[Stored items]
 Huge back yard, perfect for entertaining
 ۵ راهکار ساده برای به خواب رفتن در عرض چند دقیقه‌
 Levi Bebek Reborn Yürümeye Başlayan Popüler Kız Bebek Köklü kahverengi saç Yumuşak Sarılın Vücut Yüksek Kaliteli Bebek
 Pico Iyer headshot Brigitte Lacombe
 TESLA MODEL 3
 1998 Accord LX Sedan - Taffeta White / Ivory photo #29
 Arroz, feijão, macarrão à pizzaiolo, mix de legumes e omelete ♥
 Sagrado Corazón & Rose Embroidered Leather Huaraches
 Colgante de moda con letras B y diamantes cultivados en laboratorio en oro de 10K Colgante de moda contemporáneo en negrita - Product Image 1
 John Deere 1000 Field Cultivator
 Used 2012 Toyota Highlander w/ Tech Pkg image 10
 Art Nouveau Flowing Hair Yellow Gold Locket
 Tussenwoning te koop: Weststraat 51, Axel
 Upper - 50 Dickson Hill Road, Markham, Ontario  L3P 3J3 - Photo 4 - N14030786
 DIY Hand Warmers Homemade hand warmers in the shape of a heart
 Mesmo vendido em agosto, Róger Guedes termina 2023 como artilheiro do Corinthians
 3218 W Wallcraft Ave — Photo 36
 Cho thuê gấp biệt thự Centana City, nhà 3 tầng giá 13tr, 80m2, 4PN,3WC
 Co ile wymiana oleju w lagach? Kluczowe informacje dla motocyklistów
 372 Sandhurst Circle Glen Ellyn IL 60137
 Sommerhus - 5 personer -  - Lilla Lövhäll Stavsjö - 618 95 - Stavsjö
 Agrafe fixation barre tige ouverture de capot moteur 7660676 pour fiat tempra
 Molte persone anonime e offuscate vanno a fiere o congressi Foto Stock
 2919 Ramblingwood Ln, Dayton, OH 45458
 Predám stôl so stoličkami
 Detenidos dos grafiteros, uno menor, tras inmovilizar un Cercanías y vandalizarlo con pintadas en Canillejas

### TRY IT
Give again each line shown above, keeping every word as it is.

### ANSWER SECTION
 Huge back yard, perfect for entertaining
 ۵ راهکار ساده برای به خواب رفتن در عرض چند دقیقه‌
 Levi Bebek Reborn Yürümeye Başlayan Popüler Kız Bebek Köklü kahverengi saç Yumuşak Sarılın Vücut Yüksek Kaliteli Bebek
 Pico Iyer headshot Brigitte Lacombe
 TESLA MODEL 3
 1998 Accord LX Sedan - Taffeta White / Ivory photo #29
 Arroz, feijão, macarrão à pizzaiolo, mix de legumes e omelete ♥
 Sagrado Corazón & Rose Embroidered Leather Huaraches
 Colgante de moda con letras B y diamantes cultivados en laboratorio en oro de 10K Colgante de moda contemporáneo en negrita - Product Image 1
 John Deere 1000 Field Cultivator
 Used 2012 Toyota Highlander w/ Tech Pkg image 10
 Art Nouveau Flowing Hair Yellow Gold Locket
 Tussenwoning te koop: Weststraat 51, Axel
 Upper - 50 Dickson Hill Road, Markham, Ontario  L3P 3J3 - Photo 4 - N14030786
 DIY Hand Warmers Homemade hand warmers in the shape of a heart
 Mesmo vendido em agosto, Róger Guedes termina 2023 como artilheiro do Corinthians
 3218 W Wallcraft Ave — Photo 36
 Cho thuê gấp biệt thự Centana City, nhà 3 tầng giá 13tr, 80m2, 4PN,3WC
 Co ile wymiana oleju w lagach? Kluczowe informacje dla motocyklistów
 372 Sandhurst Circle Glen Ellyn IL 60137
 Sommerhus - 5 personer -  - Lilla Lövhäll Stavsjö - 618 95 - Stavsjö
 Agrafe fixation barre tige ouverture de capot moteur 7660676 pour fiat tempra
 Molte persone anonime e offuscate vanno a fiere o congressi Foto Stock
 2919 Ramblingwood Ln, Dayton, OH 45458
 Predám stôl so stoličkami
 Detenidos dos grafiteros, uno menor, tras inmovilizar un Cercanías y vandalizarlo con pintadas en Canillejas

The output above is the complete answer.